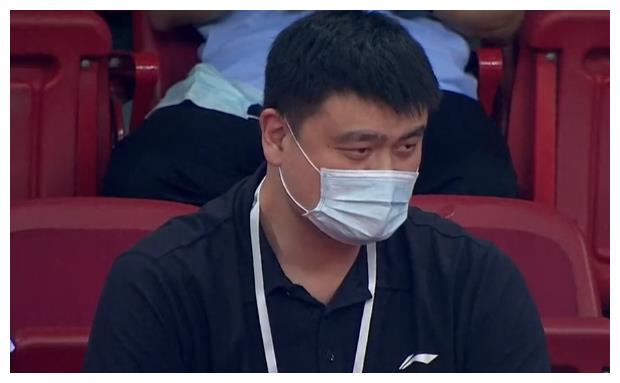 姚明重罚引爆讨论,裁判误判48小时完全没事,网友:必须给个说法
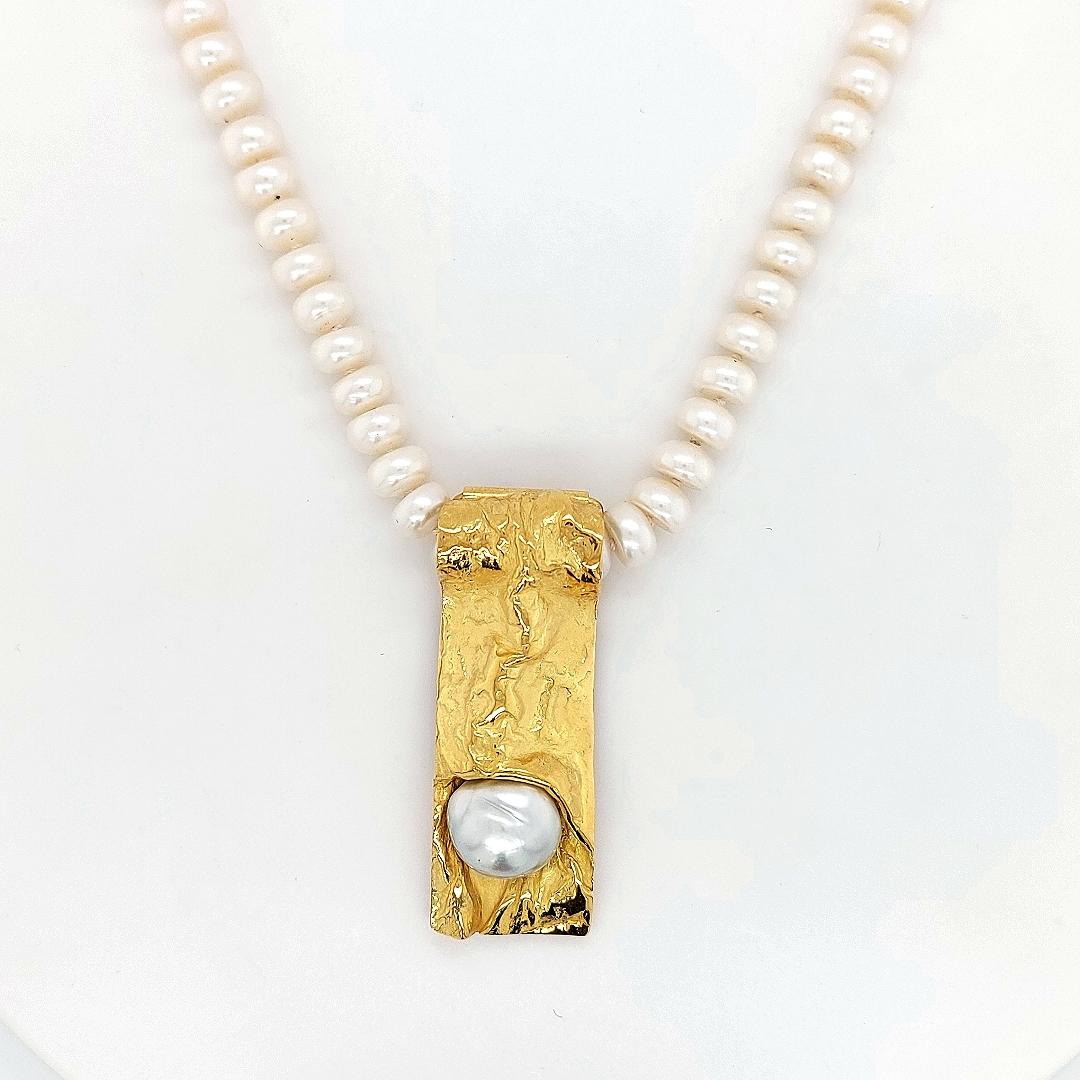 Collana di perle con ciondolo di perle in oro giallo 18kt di Jean-pierre De Saedeleer

J.P. unico e artigianale. Collana De Saedeleer in oro giallo 18 kt con perle.

Pezzo unico, realizzato solo dall'artista!

Materiale: Oro giallo massiccio 18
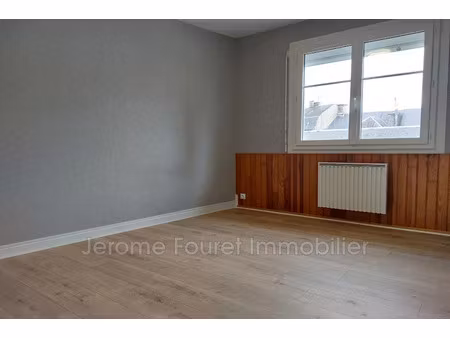 location appartement 3 pièces 68.58 m² à egletons (19300)  400 €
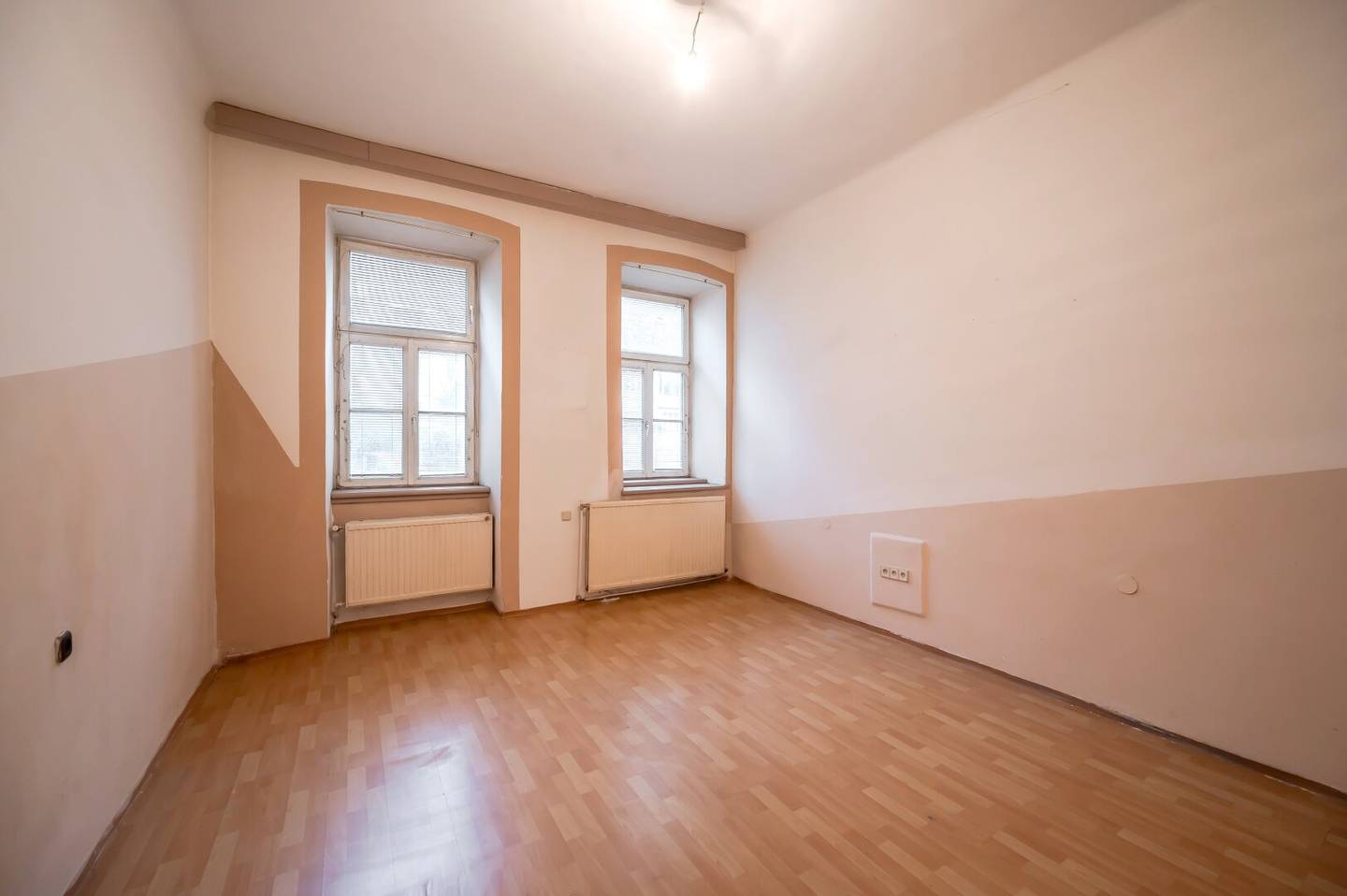 Ground floor apartment with renovation potential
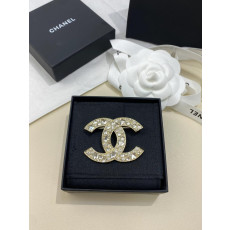 샤넬 브로치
——————
WORK INSTRUCTIONS: Leave the pictures out and retype only the lines from the line with "J.P. unico e" through the final line of the material, both ends included, word for word.

TASK ANSWER:
J.P. unico e artigianale. Collana De Saedeleer in oro giallo 18 kt con perle.

Pezzo unico, realizzato solo dall'artista!

Materiale: Oro giallo massiccio 18
 location appartement 3 pièces 68.58 m² à egletons (19300)  400 €
 Ground floor apartment with renovation potential
 샤넬 브로치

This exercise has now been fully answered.